I wrote this piece as a response to the question, “What is an instance that shaped you as a reader?” I had been waiting to write this, so it was gratifying to see it on paper.

The Good, the Bad and the Oxford Comma

If I am being honest, I don’t remember how I learned to read. It must have been my ever-enthusiastic parents with their colorful children’s books. Or maybe a teacher with boundless energy. What I do remember is how reading became an unforgettable part of my identity.

My family are some of the most literate people I know. I grew up with words like “ecstatic,” “obfuscate” and “elucidate” as common, it seemed, as the air we breathed. The Oxford comma was as often a dinner-table discussion as was the never-ending torture of the question, “How was school?” This specific comma at the end of a list would later spark my incessant need to be a grammar freak. Letters, numbers and words stacked on top of each other to make an endless tower in my head, a dictionary that would be the base of knowledge for the rest of my life.

It is interesting, now that I think about it, to say that I can’t remember how something so important to me came to be. I can say, however, how I came to read so much. Just as a queen has her riches, I had my words. I had my own castle, my own small fortune, my own loyal subjects in the stories that I read. Books in our home were as common as lights on a wall. They were never-ending. And just how candy lures a child, I couldn’t resist trying them all. My room was a library, my backpack was a nook, my shelves a sea of words. And I stayed enamored in the world of words, greedily consuming page after page.

One book I will never forget is Lord of the Flies by William Golding. I mention this book not because it inspired me, but because it was devastating. I hated every second of reading that book. Every page was another tear shed for the goodness of humanity dying from the inky words written by the demented mind of a broken war veteran. Just as a good book can inspire a child to read for “happily ever after,” a bad book can break hearts until they have no sense of direction.

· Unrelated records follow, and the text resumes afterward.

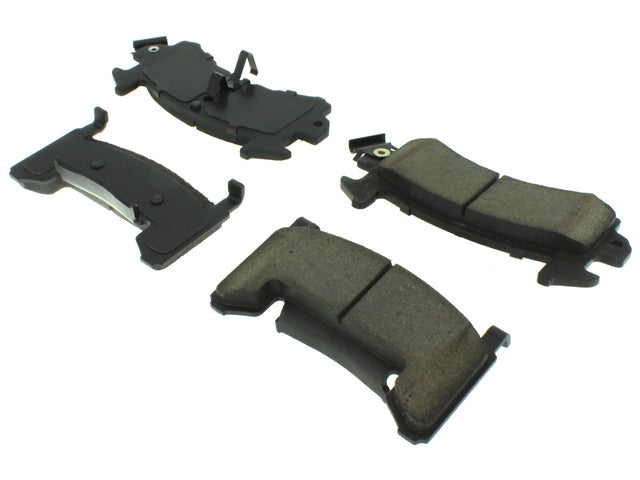 Centric Parts Disc Brake Pad Set P/N:104.01540 Fits: Buick Century, Buick Regal, Buick Riviera, Cadillac Deville, Cadillac Eldorado, Cadillac Fleetwood, Cadillac Seville, Chevrolet Blazer, Chevrolet Camaro, Chevrolet El Camino - Image 1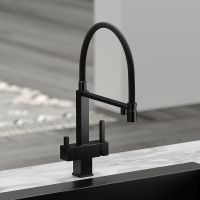 Смеситель для кухни Sancos Moro Черный матовый арт-SC4006MB — фото 8, Смесители для кухни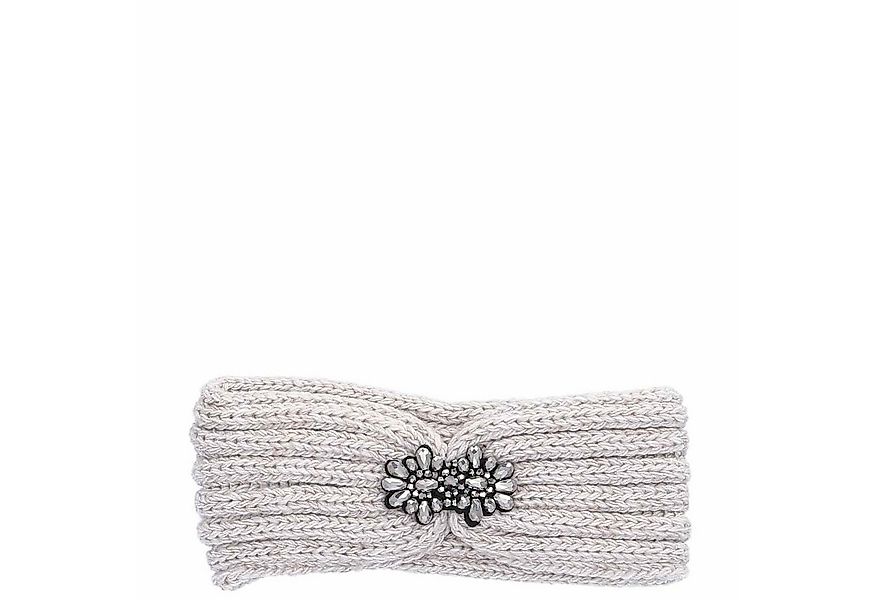 Antonio Strickmütze Antonio Strick Stirnband beige (1-St) günstig online kaufen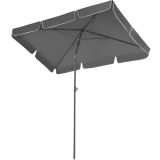 Sonnenschirm Vanessa 200x125cm höhenverstellbar und neigbar - grau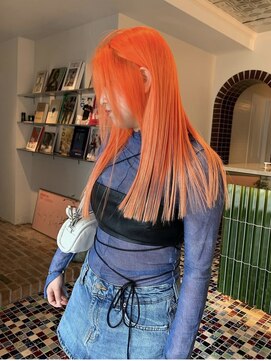 ザスリック 代官山(THE SLICK) Orange hair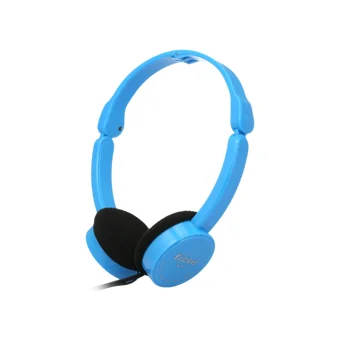 Kubite T-111 Mikrofonlu 3.5 Mm Jak Kablolu Kulaklık Mavi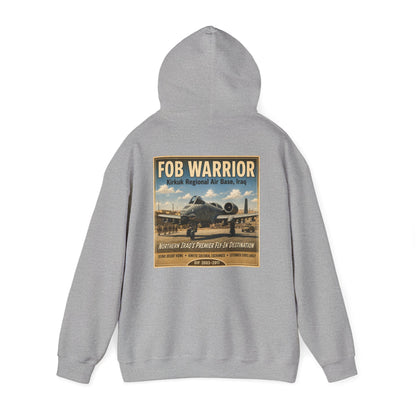 K-Factor Supply Co FOB Warrior (Kirkuk) [Back Print] Hoodie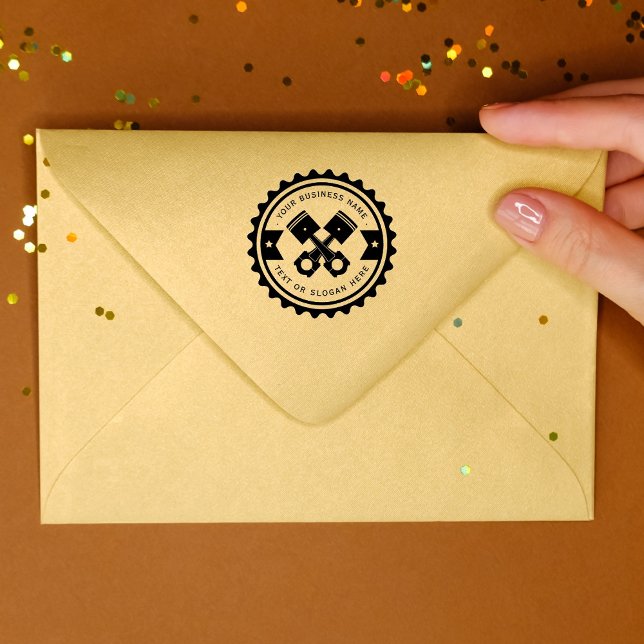 Sello De Caucho Mecánico automático profesional (Subido por el creador)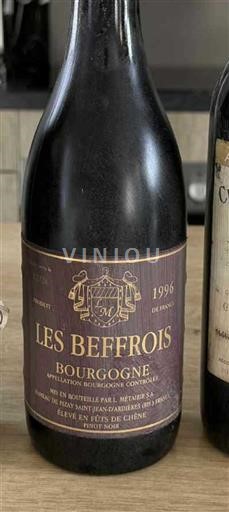 Burgundy Les Beffrois 1996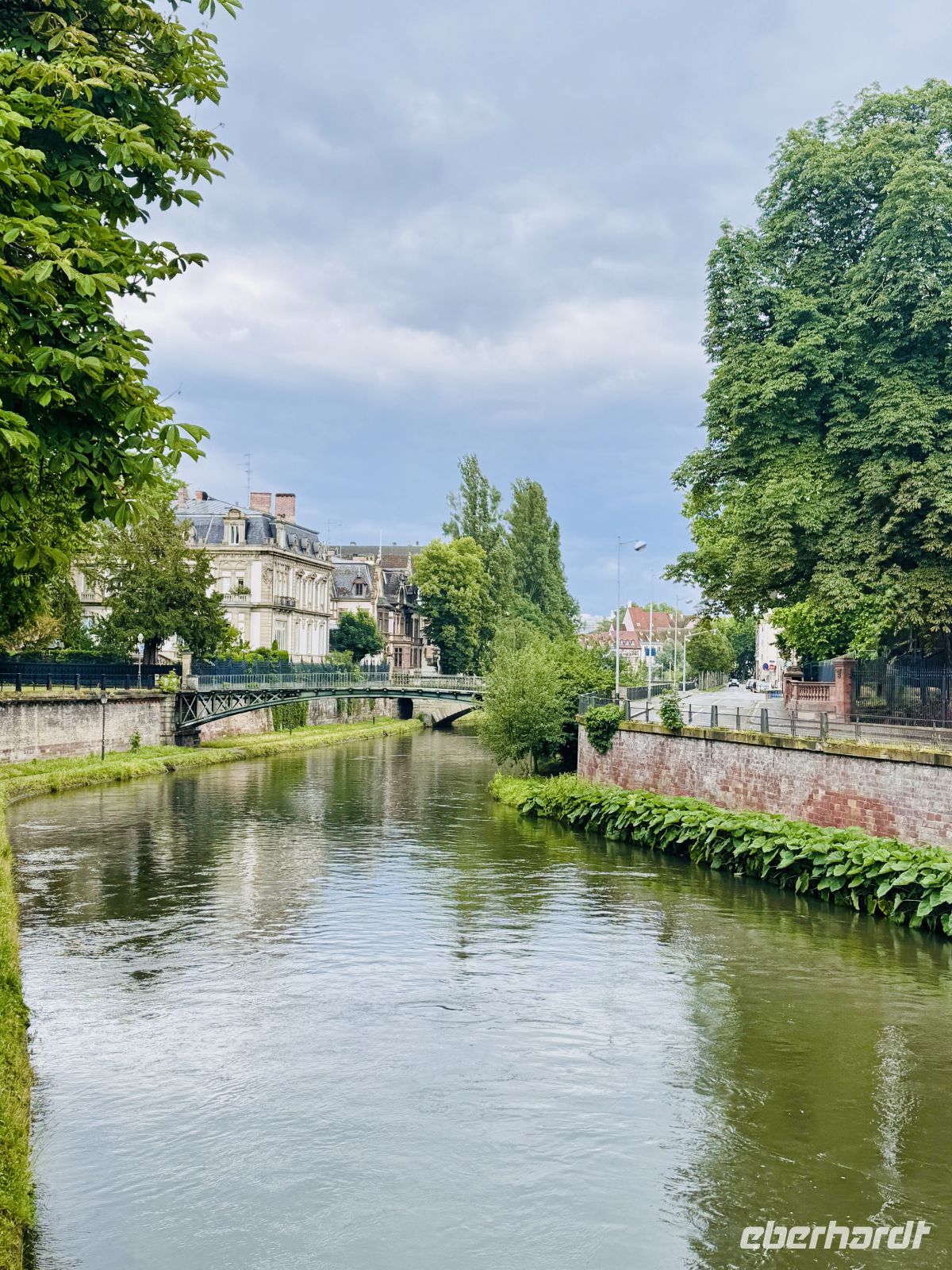 Tag 2 - Die Ill, Straßburg  &ndash; &copy; Christin Kuschka (Eberhardt TRAVEL)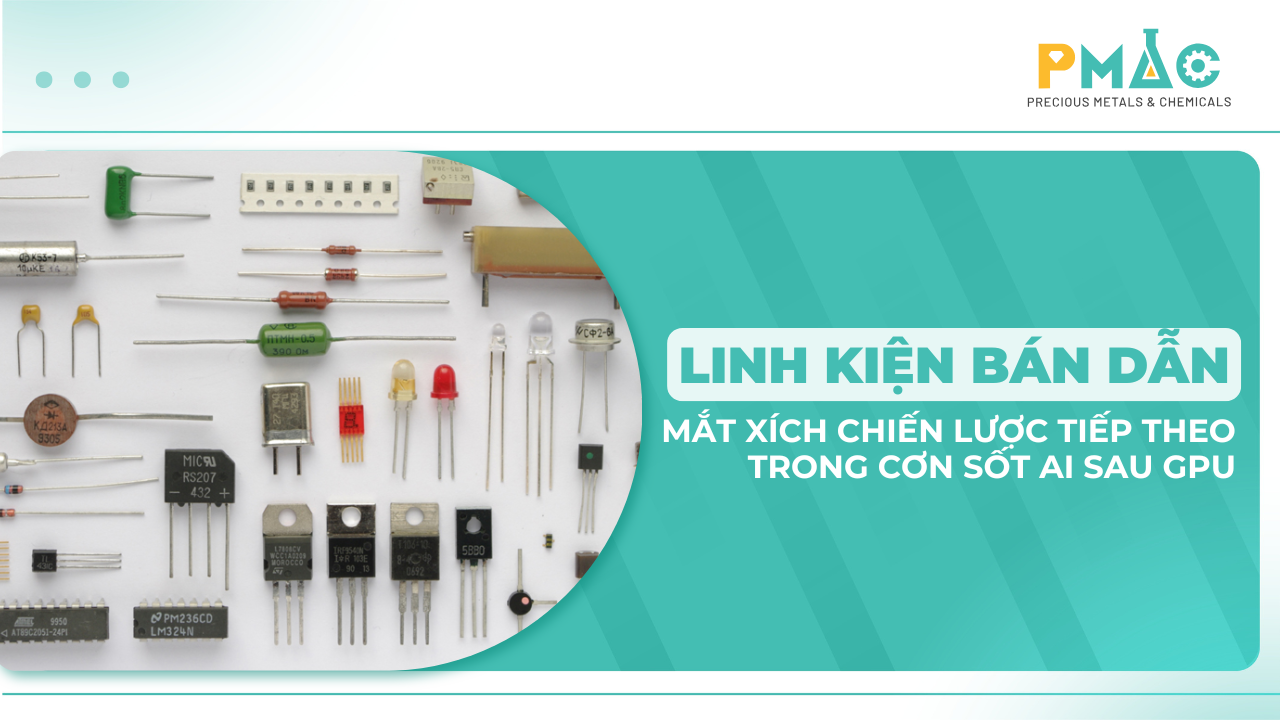 Linh kiện bán dẫn – mắt xích chiến lược tiếp theo trong cơn sốt AI sau GPU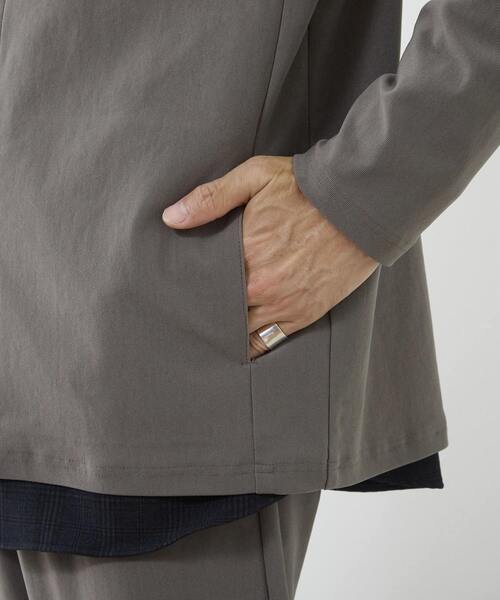 「MEN'S MELROSE」 カーディガン 2 モカ メンズ_画像7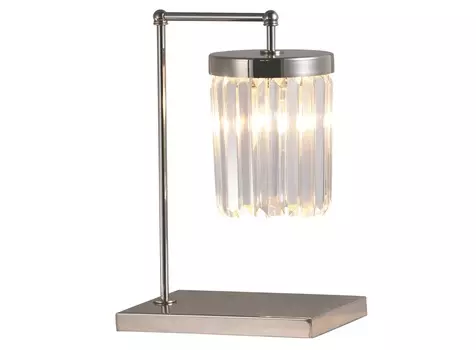 Настольная лампа infinity (delight collection) серебристый 26x46.0x17.0 см.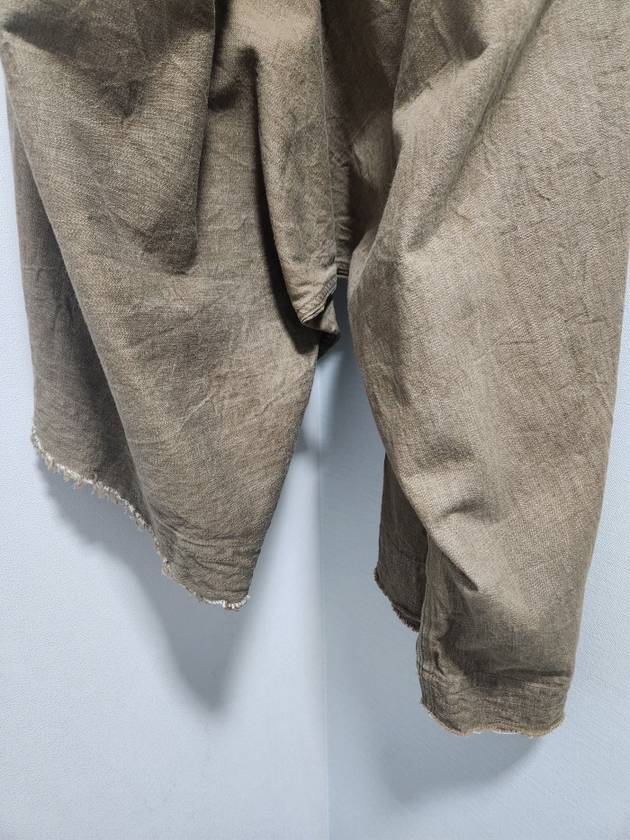 yohji yamamoto asymmetric avant garde skirt pants - YOHJI YAMAMOTO - BALAAN 3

Lord of the Flies was one of those books for me.

Just as my family loathed the Oxford comma, it seemed I had found my own nemesis. I hated how the story took away all the good in people, how these kids were left abandoned, and how the author made it seem that the only plausible response was death. But as horrible as the book is, and as much as I wish I could un-read the words on those pages, I am grateful for the new ideas it inspired. I believe all people are good inside. I believe that the world is held together by stronger bonds than crime and punishment. I believe the world runs on kindness and love. And I refuse to believe that all people are innately savages, kept at bay only by law and order. Even though it was the worst experience I have ever had with a book, I never stopped reading.

Maybe my love of reading started with a particular book. Maybe it started with many of them. Regardless, I can vividly remember which books made me cry (Walk Two Moons), which books made me scream (Jane Eyre) and which books I will never forget (Cinder). I love reading. The unbelievable torture of reading Lord of the Flies was not enough to break that love. And because I didn’t stop reading, more books continue to shape my values, my thoughts, my emotions and my will to persevere, regardless of what is thrown at me, even the Oxford comma. Although I may not remember how I learned to read, I will never forget the impact it has had on me.